As the author notes, crypto is inefficient by design. Crypto systems rely on inefficiency to make scamming the system not worth the cost.

The author doesn’t want to wait it out because the cost to society in terms of wasted energy and support of bad actors is too high. He notes that he evolved into this position. At first he th out it was just silly. Then silly and annoying. Now just bad.


PoW is inefficient by design, which SOME cryptocurrencies use. But cryptocurrencies don't need to use PoW. Many already use non PoW systems, and others are going to switch away from PoW (such as ethereum).


> Many already use non PoW systems

Looking from the outside, all the ones which matter seem to use PoW systems.

> and others are going to switch away from PoW (such as ethereum).

I've been hearing that for years, and it's always six months away.


> I've been hearing that for years, and it's always six months away.

"hearing" doesn't really mean much since random people can say whatever, but the switch to PoS has never been claimed to be 6 months away until this year. You're probably confused with the beacon chain with successfully launched in 2020.

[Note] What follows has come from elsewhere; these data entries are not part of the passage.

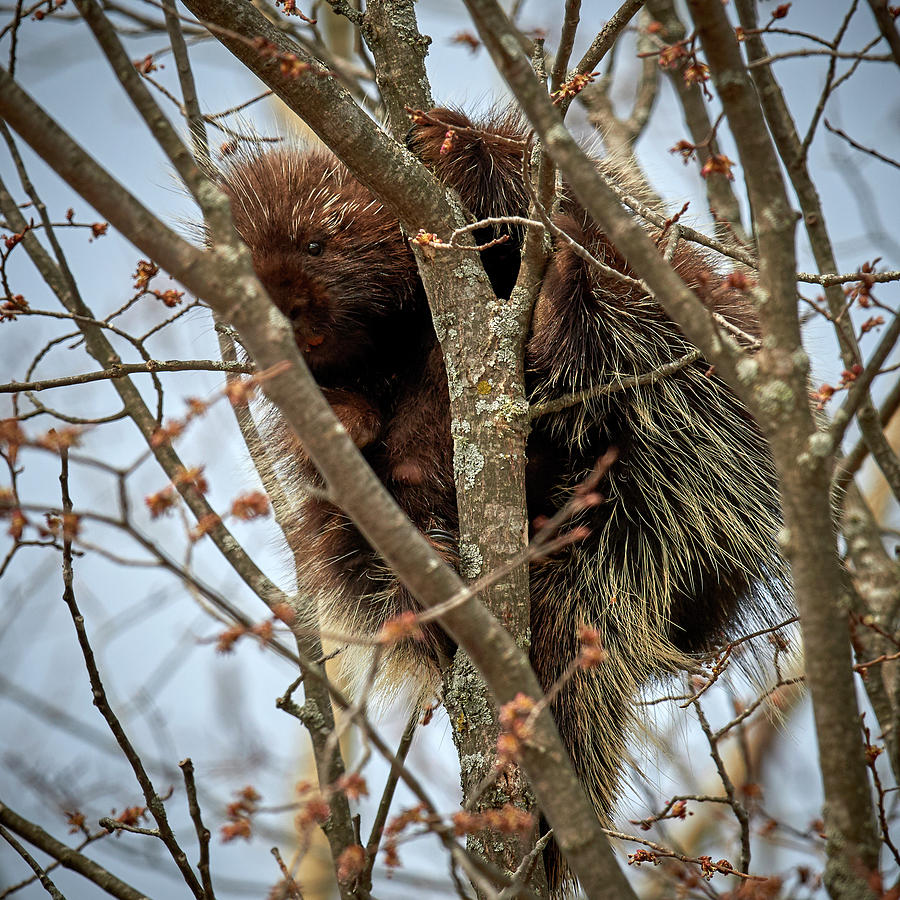 Porcupine Hiding In Branches Photograph by Paul Freidlund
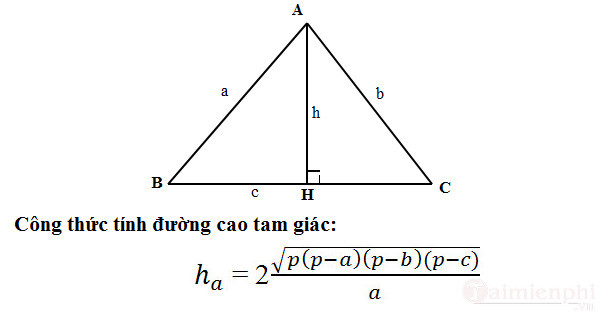 Tính cạnh trong tam giác thường: Hướng dẫn chi tiết và bài tập thực hành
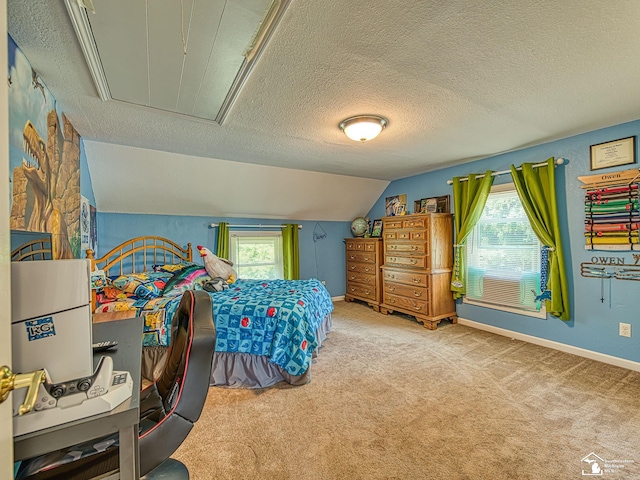 2461 Maple Rd, Ida, MI 48140 - photo 25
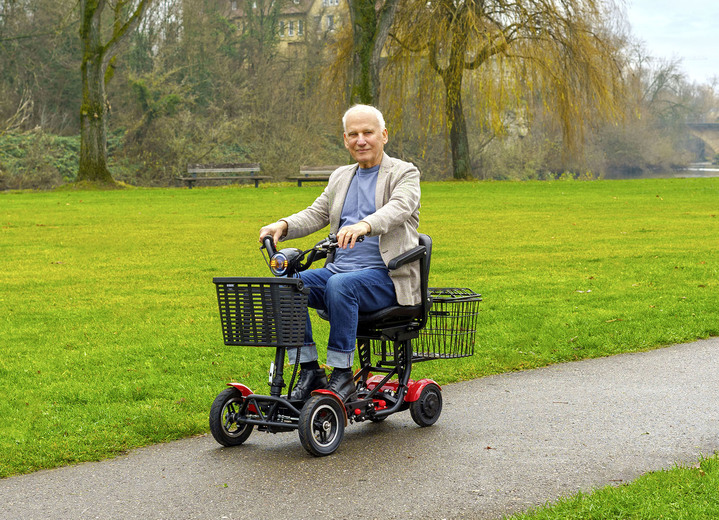 Mobilität - Entspannt durch den Alltag mit dem Econelo 4-Rad-Roller Premium Version, in Farbe ROT Ansicht 1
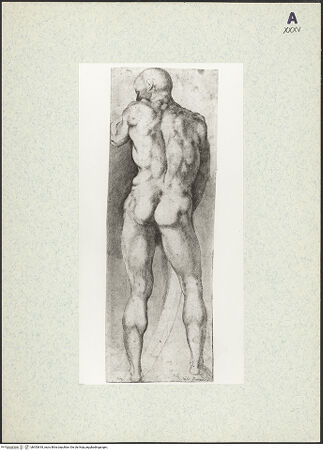 Vorderseite von bh353818_recto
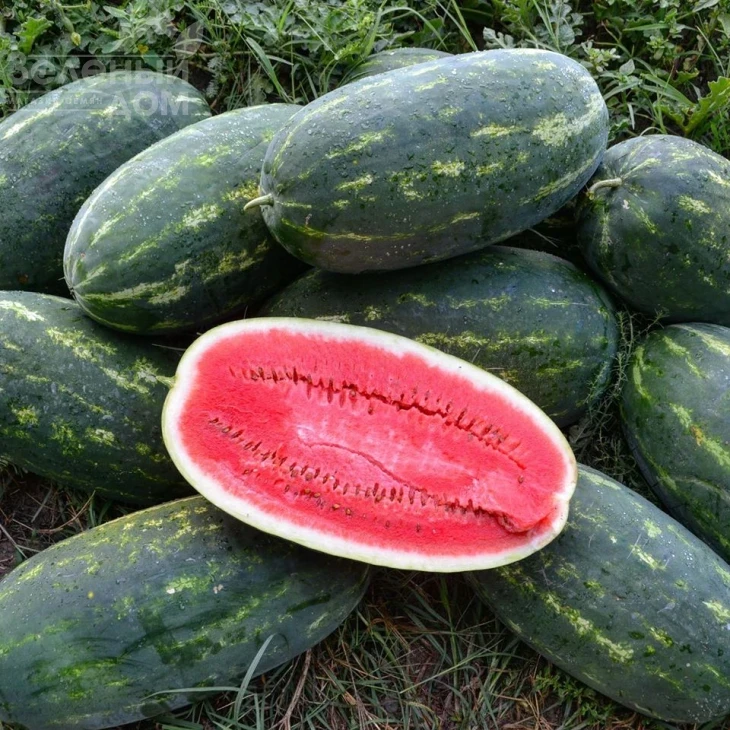 Юмми F1 / Yummi F1,68-70 дней фото 1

https://coinmarketcap.com/all/views/all/

Not sure this is the right metric, but you can see that the top of the list seem to represent the bulk of all crypto currencies. And if you want to include Tether, it’s apparently based on Bitcoin and Ethereum blockchains.

Bitcoin is proof of work, and is showing no sign of switching to something else. Ethereum is proof of work, and hasn’t switched to proof of stake yet. I mean the tech is ostensibly there, but last I checked the merge still didn’t happen. Even if it was just those two, I would not dare call them "some crypto currencies" like they were marginal. Bitcoin and Ethereum, aren’t marginal, they’re basically the majority all by themselves.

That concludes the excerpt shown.